[python] NumPy array initialization (fill with identical values)

I need to create a NumPy array of length n, each element of which is v.

Is there anything better than:

a = empty(n)
for i in range(n):
    a[i] = v

I know zeros and ones would work for v = 0, 1. I could use v * ones(n), but it won't work when v is None, and also would be much slower.
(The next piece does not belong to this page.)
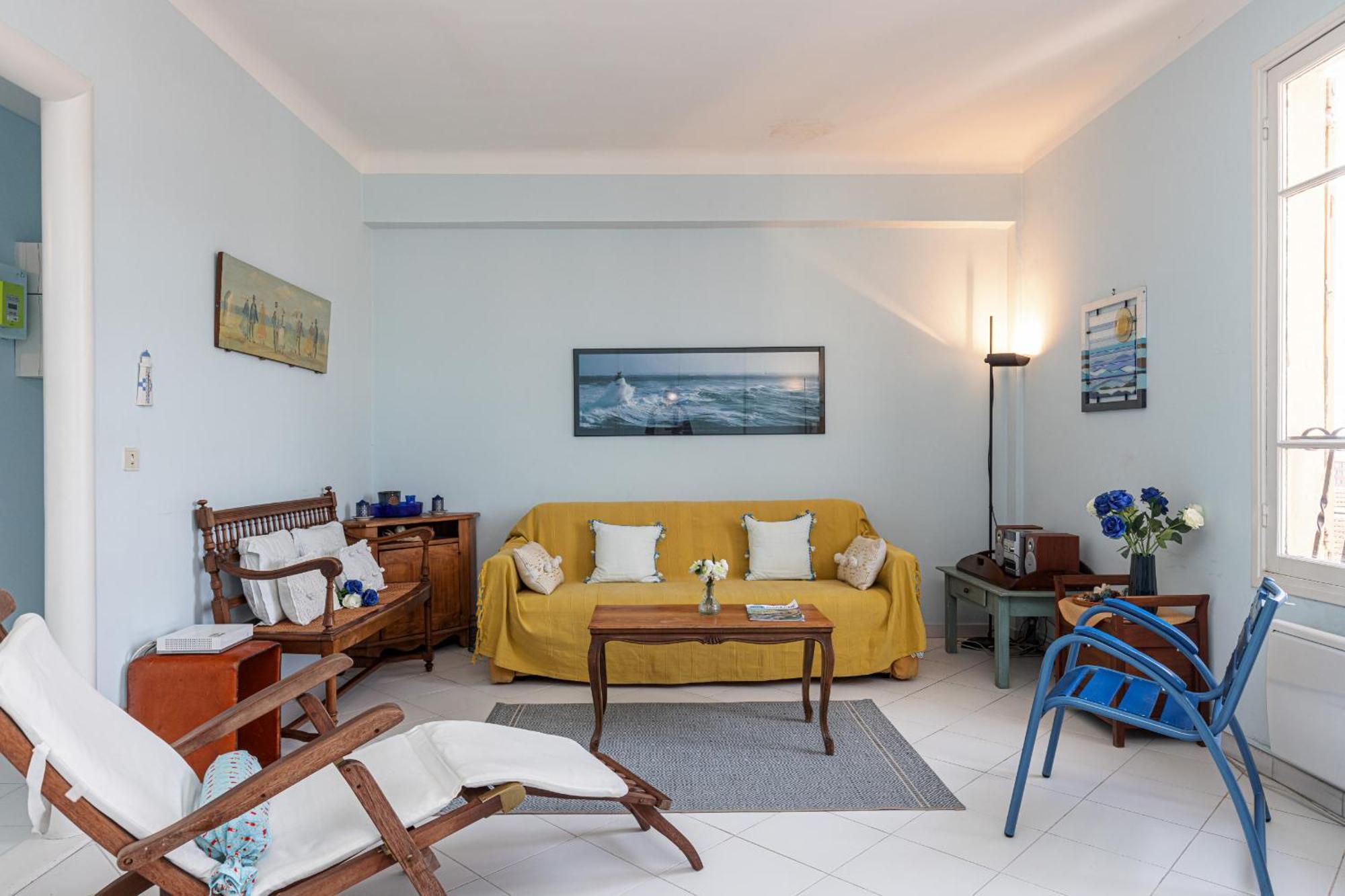 Extraordinary View On Port And Castle Hill - 1 Bdr & Parking Apartamento Nice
Apparently, not only the absolute speeds but also the speed order (as reported by user1579844) are machine dependent; here's what I found:

a=np.empty(1e4); a.fill(5) is fastest;

In descending speed order:

timeit a=np.empty(1e4); a.fill(5) 
# 100000 loops, best of 3: 10.2 us per loop
timeit a=np.empty(1e4); a[:]=5
# 100000 loops, best of 3: 16.9 us per loop
timeit a=np.ones(1e4)*5
# 100000 loops, best of 3: 32.2 us per loop
timeit a=np.tile(5,[1e4])
# 10000 loops, best of 3: 90.9 us per loop
timeit a=np.repeat(5,(1e4))
# 10000 loops, best of 3: 98.3 us per loop
timeit a=np.array([5]*int(1e4))
# 1000 loops, best of 3: 1.69 ms per loop (slowest BY FAR!)

So, try and find out, and use what's fastest on your platform.

without numpy

>>>[2]*3
[2, 2, 2]

I had

numpy.array(n * [value])

in mind, but apparently that is slower than all other suggestions for large enough n.
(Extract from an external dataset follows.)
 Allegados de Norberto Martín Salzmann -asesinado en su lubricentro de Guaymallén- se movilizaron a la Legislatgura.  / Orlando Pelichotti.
Here is full comparison with perfplot (a pet project of mine).

The two empty alternatives are still the fastest (with NumPy 1.12.1). full catches up for large arrays.

Code to generate the plot:

import numpy as np
import perfplot


def empty_fill(n):
    a = np.empty(n)
    a.fill(3.14)
    return a


def empty_colon(n):
    a = np.empty(n)
    a[:] = 3.14
    return a


def ones_times(n):
    return 3.14 * np.ones(n)


def repeat(n):
    return np.repeat(3.14, (n))


def tile(n):
    return np.repeat(3.14, [n])


def full(n):
    return np.full((n), 3.14)


def list_to_array(n):
    return np.array(n * [3.14])


perfplot.show(
    setup=lambda n: n,
    kernels=[empty_fill, empty_colon, ones_times, repeat, tile, full, list_to_array],
    n_range=[2 ** k for k in range(27)],
    xlabel="len(a)",
    logx=True,
    logy=True,
)

I believe fill is the fastest way to do this.

a = np.empty(10)
a.fill(7)

You should also always avoid iterating like you are doing in your example. A simple a[:] = v will accomplish what your iteration does using numpy broadcasting.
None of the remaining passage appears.